REQUIRED ACTION: Identify all lines below that hold "image" and collect them.

RECORDS FOR THE EXERCISE:
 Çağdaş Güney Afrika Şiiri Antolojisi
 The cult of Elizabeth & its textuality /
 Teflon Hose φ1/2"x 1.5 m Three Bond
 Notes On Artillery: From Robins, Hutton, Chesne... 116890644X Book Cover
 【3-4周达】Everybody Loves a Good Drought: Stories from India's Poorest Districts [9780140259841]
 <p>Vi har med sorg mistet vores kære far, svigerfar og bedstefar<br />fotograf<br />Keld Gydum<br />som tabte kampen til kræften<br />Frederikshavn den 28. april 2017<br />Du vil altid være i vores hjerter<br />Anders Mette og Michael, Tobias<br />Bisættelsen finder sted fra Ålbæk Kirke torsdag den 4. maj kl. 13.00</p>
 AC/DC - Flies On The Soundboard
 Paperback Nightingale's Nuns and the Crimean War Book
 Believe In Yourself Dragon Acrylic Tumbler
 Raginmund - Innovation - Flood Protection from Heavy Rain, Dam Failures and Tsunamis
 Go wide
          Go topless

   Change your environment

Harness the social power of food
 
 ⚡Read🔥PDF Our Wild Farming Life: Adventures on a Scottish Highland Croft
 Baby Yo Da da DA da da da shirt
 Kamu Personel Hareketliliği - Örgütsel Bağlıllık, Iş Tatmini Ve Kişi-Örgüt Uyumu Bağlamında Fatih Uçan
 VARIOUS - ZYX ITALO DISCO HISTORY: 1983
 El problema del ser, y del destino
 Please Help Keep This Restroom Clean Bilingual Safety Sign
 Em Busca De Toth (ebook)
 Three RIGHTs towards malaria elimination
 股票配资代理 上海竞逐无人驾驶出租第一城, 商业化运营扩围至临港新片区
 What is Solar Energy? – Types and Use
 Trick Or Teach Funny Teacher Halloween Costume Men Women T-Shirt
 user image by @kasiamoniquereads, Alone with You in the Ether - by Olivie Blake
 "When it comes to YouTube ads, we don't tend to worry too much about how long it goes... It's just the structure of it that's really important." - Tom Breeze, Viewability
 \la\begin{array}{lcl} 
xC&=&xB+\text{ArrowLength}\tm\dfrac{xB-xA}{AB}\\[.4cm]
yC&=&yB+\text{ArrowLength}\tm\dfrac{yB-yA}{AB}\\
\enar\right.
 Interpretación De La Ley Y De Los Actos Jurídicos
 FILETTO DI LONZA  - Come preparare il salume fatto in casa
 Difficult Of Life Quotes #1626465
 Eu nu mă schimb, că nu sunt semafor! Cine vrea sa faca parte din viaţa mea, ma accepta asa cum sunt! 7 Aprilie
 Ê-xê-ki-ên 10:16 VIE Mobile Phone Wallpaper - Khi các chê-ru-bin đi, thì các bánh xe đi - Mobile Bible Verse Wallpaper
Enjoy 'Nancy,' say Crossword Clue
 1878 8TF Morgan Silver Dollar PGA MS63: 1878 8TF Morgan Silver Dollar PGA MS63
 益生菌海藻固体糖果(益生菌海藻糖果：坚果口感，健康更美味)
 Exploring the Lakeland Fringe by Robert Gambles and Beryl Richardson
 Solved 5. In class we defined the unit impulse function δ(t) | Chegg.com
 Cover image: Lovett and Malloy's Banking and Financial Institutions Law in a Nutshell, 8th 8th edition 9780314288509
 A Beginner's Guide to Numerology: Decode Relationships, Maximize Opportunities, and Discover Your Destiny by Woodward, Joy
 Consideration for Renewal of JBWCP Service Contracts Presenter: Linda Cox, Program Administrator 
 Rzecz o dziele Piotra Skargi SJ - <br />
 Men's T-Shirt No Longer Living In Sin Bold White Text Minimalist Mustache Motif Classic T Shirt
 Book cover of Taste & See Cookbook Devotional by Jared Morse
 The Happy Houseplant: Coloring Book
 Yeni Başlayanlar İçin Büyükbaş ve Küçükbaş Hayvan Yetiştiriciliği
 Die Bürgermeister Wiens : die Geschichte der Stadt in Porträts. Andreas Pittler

REPLY TO THE EXERCISE:
 user image by @kasiamoniquereads, Alone with You in the Ether - by Olivie Blake
 Cover image: Lovett and Malloy's Banking and Financial Institutions Law in a Nutshell, 8th 8th edition 9780314288509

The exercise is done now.